By Thomas Gerbasi
DALLAS, September 19 – Rising star Junior Dos Santos has already displayed the ability to blast opponents out with ease. Tonight at American Airlines Center, he showed that he can stick to his gameplan, punish, and then finish a foe late, as he forced Mirko Cro Cop to verbally submit in the third round of their pivotal UFC 103 heavyweight bout.
“I feel very good,” said Dos Santos, now 9-1 as a pro (3-0 in the UFC). “My training was very hard, and tonight I have one more victory in my career.”
Dos Santos went right at Cro Cop (25-7-2, 1 NC) from the opening bell, showing little regard for the reputation of the former PRIDE star. Cro Cop kept cook as he looked to counter, drawing a roar as he threw his patented left kick to the head. Dos Santos blocked the kick and continued to move forward, landing shots on the inside that raised a welt above Cro Cop’s right eye. Dos Santos was also bruised from the exchanges, under his left eye, and the two looked to be settling in for a long battle as the round came to a close.
The second round began slowly, but within 30 seconds the action started to heat up again, with Cro Cop scoring with a couple leg kicks while Dos Santos sent Cro Cop backwards with punches to the head. As the round progressed, the bruise under Dos Santos’ left eye worsened, but the Brazilian, in unfamiliar territory as far as being in the second round goes, refused to move backwards until a Cro Cop kick strayed low and forced a halt to the action. After a brief break, the fight resumed, and Dos Santos was able to cut Cro Cop above the left eye just before the bell.
Cro Cop, perhaps sensing the need for more urgency, became the aggressor as the final round opened, but was unable to break Dos Santos’ defenses. Instead, it was Dos Santos starting to land more and more, particularly with his knees, which visibly rocked the Croatian, Moments after another couple hard shots from Dos Santos, Cro Cop turned away and was unable to continue at the 2:00 mark, rendering ‘Cigano’ the winner via verbal submission.
“I hope everybody enjoyed my fight,” said Dos Santos. “The United States has been wonderful to me.”

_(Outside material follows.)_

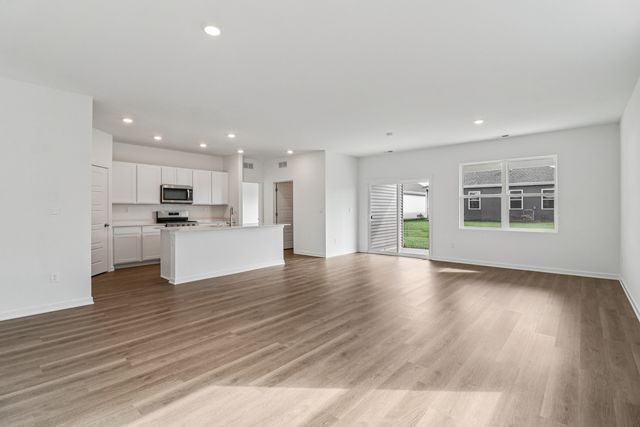 6288 Redwood Trail, Wonder Lake, IL 60097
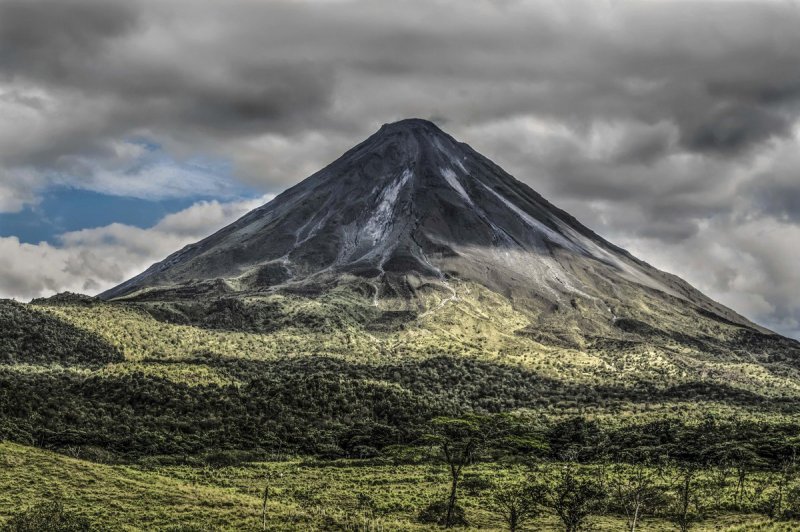 Национальному парку вулкан Ринко́н-де-ла-Вье́ха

The last time Martin Kampmann was one win away from a UFC title shot, he got injured before a middleweight fight with Rich Franklin. Tonight, after Mike Swick was injured, Nottingham, England’s Paul Daley stepped in and went on to upset Kampmann via a first round stoppage in welterweight action.
The two European strikers went to work immediately, trading hard shots at close range. Neither Kampmann or Daley held an early edge, but as the round approached its midway point, Daley finally nailed Kampmann with a flush shot and staggered him. Kampmann tried to get his legs back under him, but Daley kept coming, and after a few more hard shots, referee Yves Lavigne stopped the bout at the 2:31 mark.
With the win, Daley, who was making his long-awaited Octagon debut after building his resume internationally, improves to 22-8-2; Kampmann falls to 15-3.
Considering the wrestling acumen of both Josh Koscheck and Frank Trigg, it was expected that the deciding factor in their welterweight fight would be the standup. And it was, with Koscheck’s lethal right hand paving the way for an emphatic first round TKO that spoiled Trigg’s first UFC bout since 2005.
“Getting back to the winning ways is awesome,” said Koscheck, who was knocked out by Paulo Thiago in February. “This is what I’ve been training for and I’m super motivated right now.”
After a tactical start, Koscheck starting timing Trigg with his right hand, and eventually, he hit paydirt. Trigg fell to the mat, and a follow up barrage forced referee Leon Roberts to step in at the 1:25 mark of the opening round. While Trigg (19-7) protested the stoppage, Koscheck was already looking to the future.
“There’s a guy who just signed a new contract – Matt Hughes. I’ve been asking for that for a long time,” said Koscheck, now 15-4. “I don’t care who I fight. I’ll fight anybody, any place. I’ll fight every month.”
Lightweight contender Tyson Griffin scored the biggest win of his career in the opener, stopping Hermes Franca in the second round and earning his first UFC finish since his Octagon debut against David Lee in 2006.
“He’s one of the toughest guys I ever fought,” said Griffin. “I had to worry about getting knocked out, so it made me fight my best.”
Griffin controlled a slow first round, peppering Franca with shots at close range as an inactive Franca only tried to throw an occasional haymaker, all of which missed.
Having heard the boos, Franca (20-8) came out fast for round two, and while he landed a few punches, they were so wide that Griffin was able to counter with a right hand and stagger the Brazilian briefly. It was a precursor of things to come when with under two minutes left, Griffin scored again with the right hand, this time dropping Franca. Franca gathered his wits quick enough and looked for a submission from the bottom, but Griffin’s unyielding attack was finally too much for Franca, and referee Dan Miragliotta halted the bout at 3:26 of the second round.
“When I dropped him, I went to work and didn’t stop until the referee pulled me off,” said Griffin, now 14-2.